Open Source OLAP

Every month I review the web traffic reports for my blog, and I’ve always found something rather interesting. Even though I post more information about Oracle and OWB than any other subject, Google seems to send me more traffic from queries like “open source ETL” and “open source OLAP.” You know what they say, customer is king and you gotta give ’em what they want!

In other words, all I needed was just a teentsee weentsee bit of an excuse to take some time to really kick the tires of the open source OLAP server Mondrian.

Some basics… Mondrian is an open source OLAP server, written in Java. It implements an MDX engine, and also exposes an XML/A interface to clients.
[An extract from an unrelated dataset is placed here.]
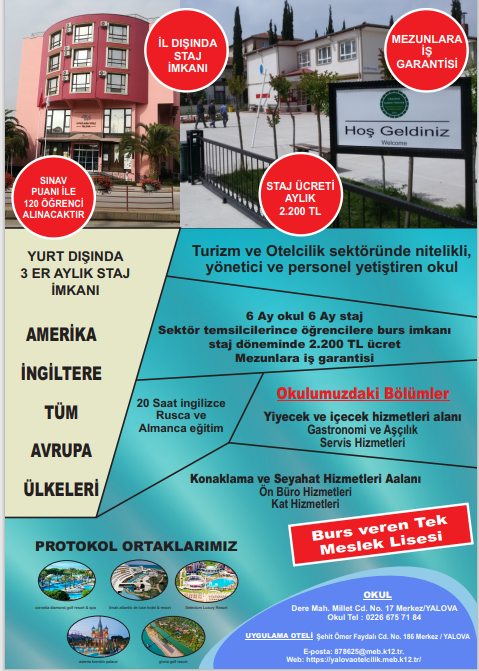 LisesiSaban's tweet photo. Şaban Temuge Mesleki ve Teknik Anadolu Lisesi Geleceğin Turizmcilerini Bekliyor. @ziyaselcuk @YalovaMem @MehmetNuriErsoy @MeslegimHayatim @tcmeb @Ismetpasamp @PiyalepasaO @YalovaHan @yalovasafran @termalortaokulu @ https://t.co/Vwfz0e6Yki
Mondrian uses a ROLAP architecture, and ends up issuing SQL statements to a JDBC data source to retrieve and calculate. Mondrian works with Access, MySQL, postgres, and Oracle. Refer to the Mondrian architecture pages to get some more information about the architecture.
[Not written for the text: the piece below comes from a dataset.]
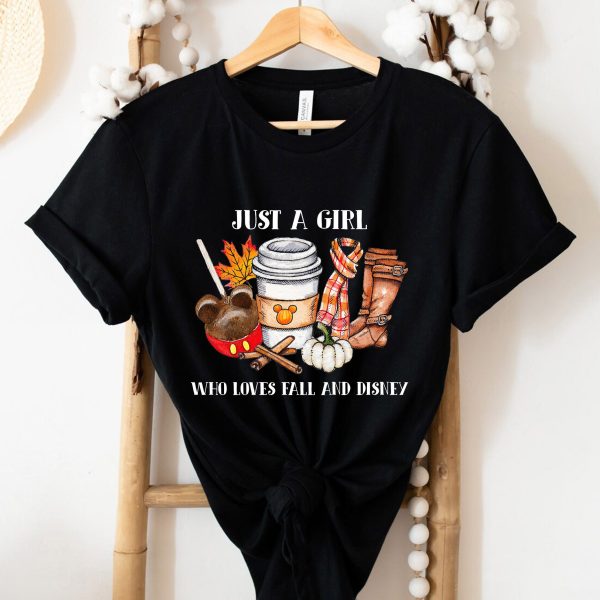 Disney Fall Just A Girl Who Love And Thanksgiving Shirt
My overall impressions were positive; it’s a good core set of functionality and performs rather well. Like any Open Source project it is an alphabet soup of supporting libraries, environment variables, generators, frameworks, and takes more than the usual 10 minute commercial product install. We’re not building a kernel here, but it’s not trivial to get the examples up and running.

Mondrian works closely (and appropriately) with an open source implementation of a JSP based Pivot and Charting project, JPivot. The demo for Mondrian includes an example with JPivot querying Mondrian and uses the well known Food Mart demo. I was expecting a bit less from JPivot and was pleasantly surprised that it’s actually rather functional (not commercial product easy to use, but really quite commendable).

JPivot allows for drilling down hierarchies (I don’t think you can use multiple hierarchies) and Pivoting and exhanging the columns and rows. It has a “CUBE” editor that allows you to edit the report. It’s not drag and drop, but definitely works if you “grok” the interface.

Also pleasantly surprising was some pretty decent charting capabilities.

There are some decent selections of charts

In order to provide an OLAP view of your data you have to define some metadata about your Dimensional model (Cubes, Measures, Dimensions) and how they map to your underlying Relational Schema. Check out the samples on the Mondrian site to see how to write your own schema.

Couple of interesting things to point out, Mondrian implements a cache of “relations” used to increase performance. This is interesting because of consistency questions (some fragments are cached, but others are current) but also because it is WICKED fast once it’s loaded into memory. There are some interesting possibilities here, including some work with some distributed P2P OLAP distributed caching research.